水戸の「あじさいまつり」を歩く(その1)
第47回「水戸のあじさいまつり」が本日(6月12日)から始まった。
水戸市の北西部に位置する桂岸寺・「保和苑」を中心とした周辺史跡を会場に様々な催しが行われる。
梅雨の花は何と言ってもアジサイだろう。
西洋あじさい・山あじさいを中心に約100種のアジサイが、色鮮やかに咲き競う。
会期は7月4日までだが歴史的な遺産が沢山のエリア、いつ訪れても新たな発見がある。
6月19日(土)午後3時30分に水戸市泉町・雑貨と珈琲の店「たけうち」に集合して、水戸八幡宮~祇園寺~保和苑~桂岸寺~常磐共有墓地のルートを3時間のマジカルミステリーツアー。
会費は無料で自由参加、「たけうち」での珈琲代は各自でお支払いください。
水戸八幡宮
「水戸八幡宮本殿」慶長3年(1598)・国指定の重要文化財。
天正19年(1591)佐竹義宣が江戸氏を滅ぼして水戸城主になると、翌年の文禄元年(1592)馬場八幡宮の分霊を水戸城中に奉斎したのが始まりと伝えられる。
後に八幡小路(現在の水戸市北見町)に遷座し、慶長3年(1598年)に本殿を建立し、水府総鎮守と定めた。
元禄7(1694)年、水戸徳川家の寺社改革を受け、八幡小路から那珂西村(現在の東茨城郡城里町那珂西)に遷座した。

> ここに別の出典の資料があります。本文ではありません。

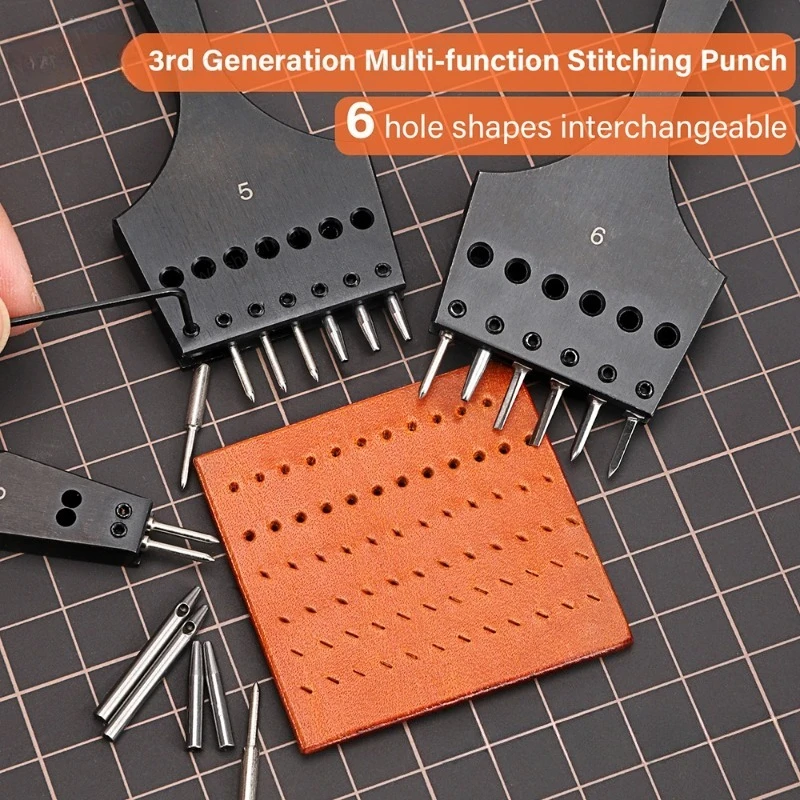 

Набор сменных насадок для пробойников по коже 3G: алмазные, овальные, круглые, французские, для рукоделия и DIY-проектов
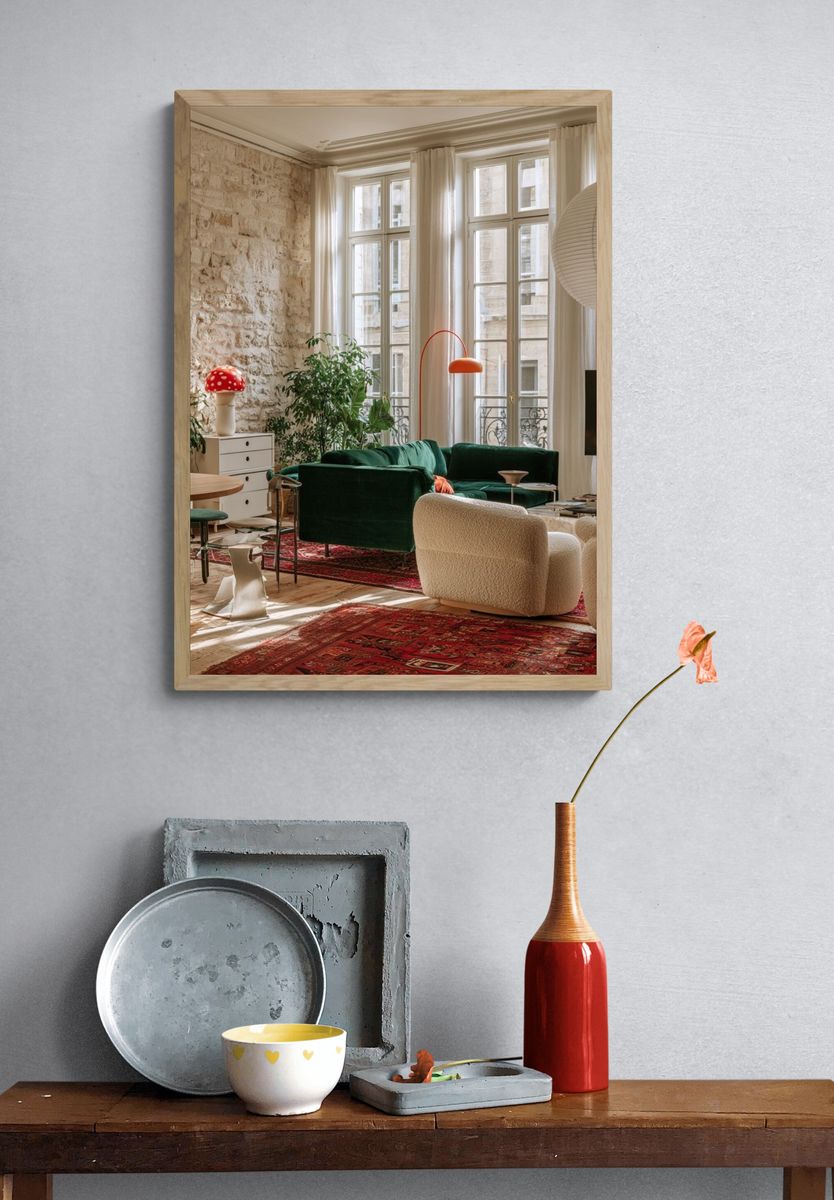 Parisian Loft Interior Photography Poster. — room view 3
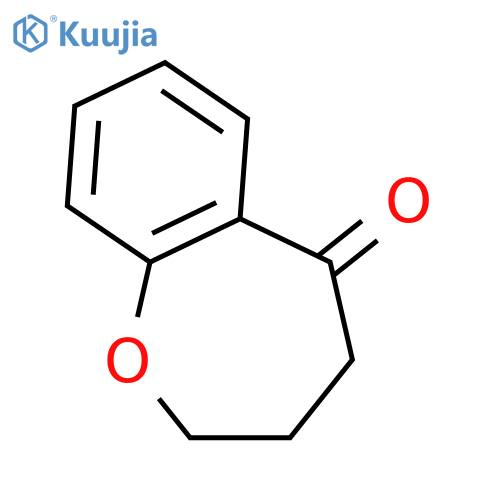 2,3,4,5-tetrahydro-1-benzoxepin-5-one structure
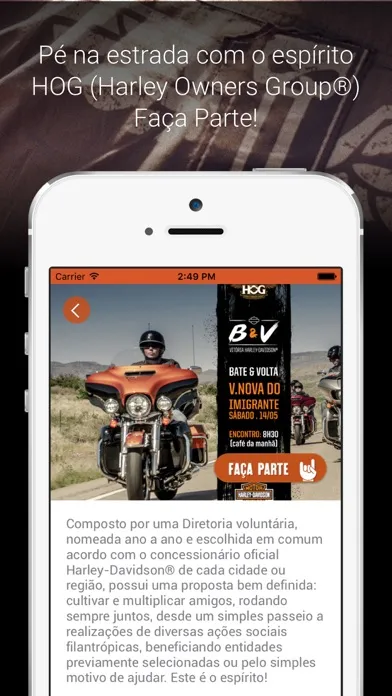 Vitória Harley Davidson स्क्रीनशॉट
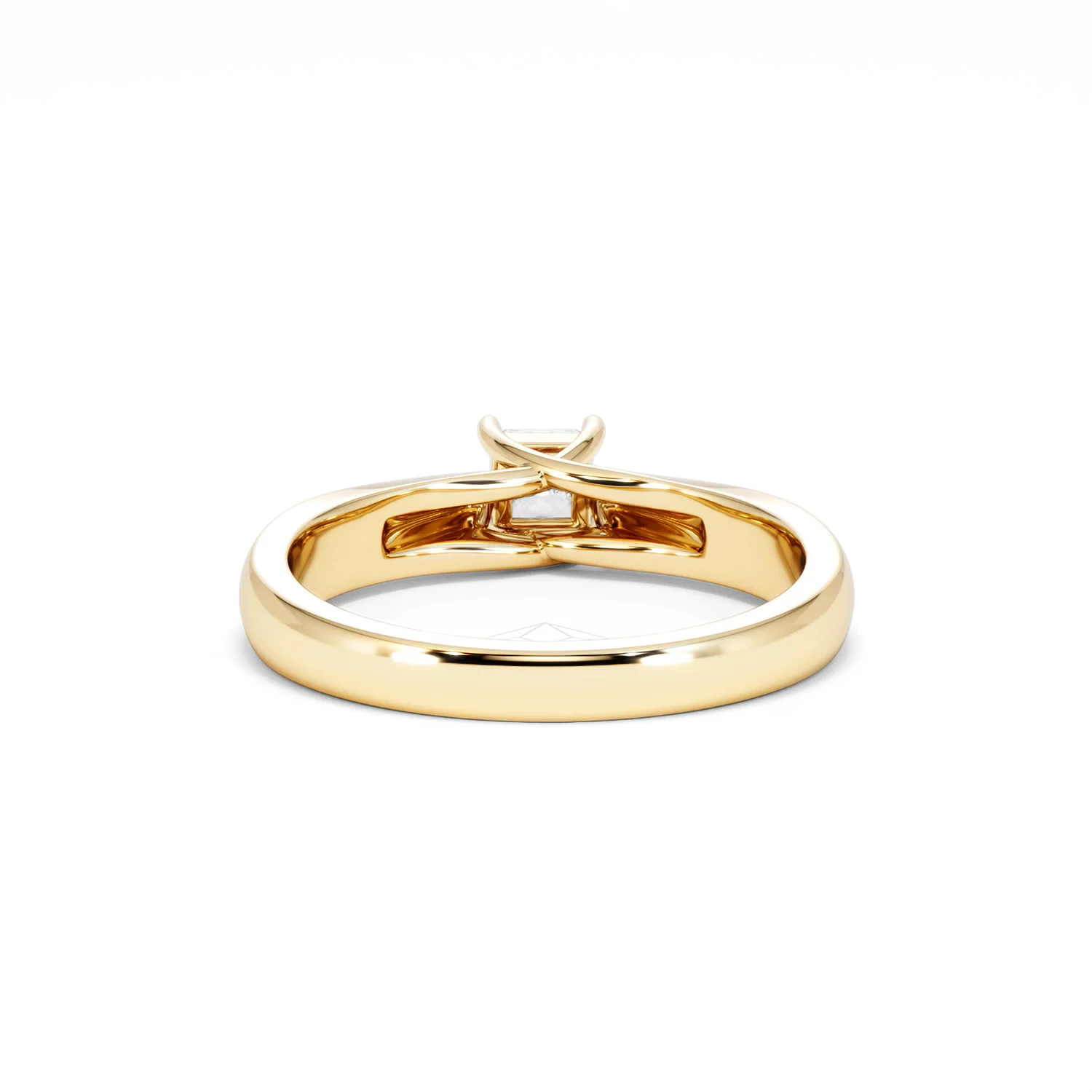 Naomi Princess Cut Lab Diamond Engagement Ring 0.33ct H/SI in 18k Gold Vermeil - Image 50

これに対し、神職氏子の請願等があり、宝永6年(1709)現在地に再び遷座した。
●「「烈公御涼所」
●「山あじさいの小路」
●「夏越の茅の輪」
●「慶長3年(1598)に完成した本殿」は国指定の重要文化財。
●「白幡山下製作所跡」鉄砲・大砲・鎧兜、水戸藩の兵器廠。
●その近辺には、水戸城外郭の土塁と堀跡。
祇園寺
祇園寺開山・心越禅師の廟
祇園寺の前身は、佐竹氏が開いた天徳寺。
天和3年(1683)徳川光圀が明から亡命し長崎に滞在していた東皐心越(とうこうしんえつ)禅師を迎え住持とした。
心越禅師は元禄8年(1695)に入寂し、その後正徳2年(1712)天徳寺は河和田村に移され、そのあとが寿昌山祇園寺として改号され、今日に至っている。
心越禅師の在世中は祇園寺ではなかったが、水戸祇園寺の開山として、曹洞宗寿昌派の祖として崇敬されて来ている。
水戸藩士の墓地として、寛文6(1666)年光圀によって「常磐共有墓地」「酒門共有墓地」が定められたが、その以前に仏寺に葬られたものはそのままとしたので、創藩時からの藩士の墓所も多い。
幕末期の諸生党は市川氏・朝比奈氏など保守・門閥派で、改革派の天狗党と内乱は足掛け5年に及び、有為な人材は水戸からいなくなったと言われる。
維新後は朝敵として迫害の憂き目にあい、水戸を離れた家が多い。
昭和に入って、共に憂国の念からの争いとして殉難慰霊碑が建立された。
祇園寺には「書生党」の市川三左衛門・朝比奈弥太郎などの墓地が在る。
近年の著名人では
洋画家の中村彝・漫画家の山田みのる。
飯村丈三郎(政治家・実業家・教育者1853年 - 1927年)の分骨墓地
祇園寺の興隆に寄与し、境内の一部に1927年(昭和2年)に水戸藩藩校の弘道館の流れを汲む水戸学院を引き継ぐ形で、旧制・私立茨城中学校(現在の茨城中学校・高等学校)を設立。